Não é surpreendente que o início da Lógica de Hegel, sobre a identidade de SER e NADA, provoque alguma confusão e perplexidade. Tal como se apresenta, ele me parece extremamente brilhante e, à primeira vista, claro: ofuscantemente claro; súbito, obscuro.
Transcrevo a seguir o parágrafo de O mundo desde o fim [Ed. Francisco Alves, 1995, cap.IV, § 16, p.77 ss.] em que critico a passagem, na Lógica de Hegel, do A. SER e do B. NADA para C. DEVIR:
Hegel, para deixar claro que nada ficou de fora do absoluto, principia sua Lógica pela categoria ao mesmo tempo mais universal e mais e mais simples, pela imediaticidade simples do puro ser. "O começo", diz Hegel introdutoriamente,
precisa ser absoluto ou, o que aqui é equivalente, ser começo abstrato; ele não deve pressupor nada, não deve ser mediatizado por nada nem ter um fundamento; deve ao contrário ser ele mesmo fundamento da ciência inteira. Deve portanto ser absolutamente um imediato, ou antes apenas a imediaticidade mesma. Como não pode ter determinação em relação a outra coisa, tampouco pode ter determinação em si, ou conteúdo, pois tal seria diferença e relação de diferentes uns com os outros e, com isso, uma mediação. O começo é, portanto, o ser puro. [HEGEL, G. Wissenschaft der Logik. Hamburg: Felix Meiner, 1932 primeiro livro, p.54]
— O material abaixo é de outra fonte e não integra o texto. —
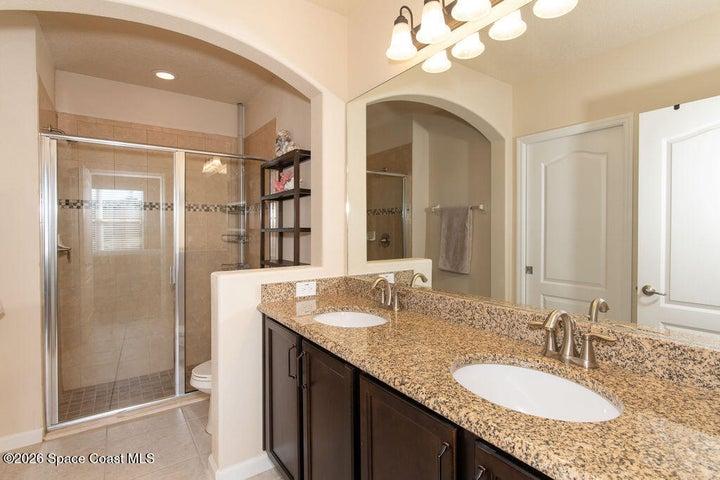 Dual granite vanity, walk-in shower.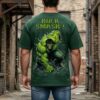 UuJLgZ78_VRNCHRRHBQ_2026-04-17_1.jpg Mens Oversized Dark Green Graphic Printed Round Neck T-Shirt Bold Smash Artwork, Casual Streetwear, Half Sleeve Premium Cotton Tee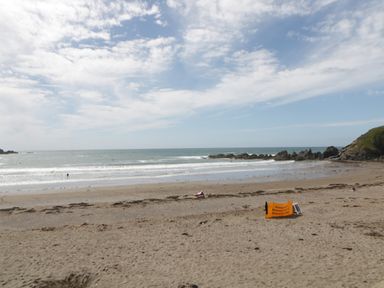 A sandy beach with scattered seaweed and a safety sign near the shoreline and waves at 12 Beachdown in Challaborough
O começo absoluto é, portanto, o começo abstrato, isto é, o absoluto abstrato. Em que consiste mesmo esse absoluto abstrato ou essa abstração absoluta? O ser puro não possui nenhuma determinidade, nenhuma diferença interna ou externa, nenhuma positividade, particularidade, relatividade. E Hegel adiciona, num parágrafo merecidamente famoso:
Nada há nele a intuir, se é que de intuição pode ser falado aqui; ou ele é apenas essa pura e vazia intuição mesma. Tampouco há algo nele a pensar, ou ele é do mesmo modo apenas esse puro pensamento vazio. O ser, o imediato indeterminado, nada é de fato, e nem mais nem menos que nada. [Ibid., primeira parte, primeiro capítulo, p.66-67]
O ser é o pensamento puro. "O ser puro", diz Hegel na Enzyklopädie,
Constitui o começo porque é tanto puro pensamento quanto o imediato indeterminado, simples, o e o primeiro início não pode ser nada mediado ou mais determinado. [HEGEL, G. "Enzyklopädie der philosophischen Wissenschaften im Grundrisse I". In:. Werke. Vol.8. Frankfurt am Main: Suhrkamp, 1970, § 86, p.182-2]
A Lógica se dá inteira no elemento do pensamento livre. Nesse sentido, ela pressupõe a Fenomenologia, que trouxe a consciência ao conceito da ciência, ou ao saber puro. É por isso que o ser puro pode ser concebido como idêntico ao puro intuir ou ao puro pensamento. O puro pensamento é o pensamento que abstraiu de si absolutamente toda determinidade, o pensamento pensante. Este se identifica com o puro nada. O ser é o nada. Da mesma maneira, quando concebo o nada, estou concebendo o pensamento pensante, o ser abstrato-abstrainte. O nada é o ser.
A verdade do ser e do nada é, para Hegel, o devir, pois "o que é a verdade não é nem o ser nem o nada mas que o ser passa -- ou melhor, já passou -- ao nada e o nada ao ser." [HEGEL, G. Wissenschaft... ibid.]
Mas pode objetar-se que não há trânsito efetivo do nada ao ser ou vice-versa. Se o ser é conceitualmente o mesmo que o nada, e o nada, o mesmo que o ser, então só uma ilusão pode levar alguém a falar de transição, pois o mesmo não transita ao mesmo. Prevendo essa possível objeção, Hegel afirma que
tão correta quanto a unidade de ser e nada é porém também que são absolutamente distintos -- que um não é o que o outro é. Apenas, uma vez que a diferença aqui ainda não se determinou, pois justamente ser e nada são ainda o imediato, ela é, como se encontra neles, o indizível, a mera opinião. [HEGEL, G. Enzyklopädie I, § 88, p.188]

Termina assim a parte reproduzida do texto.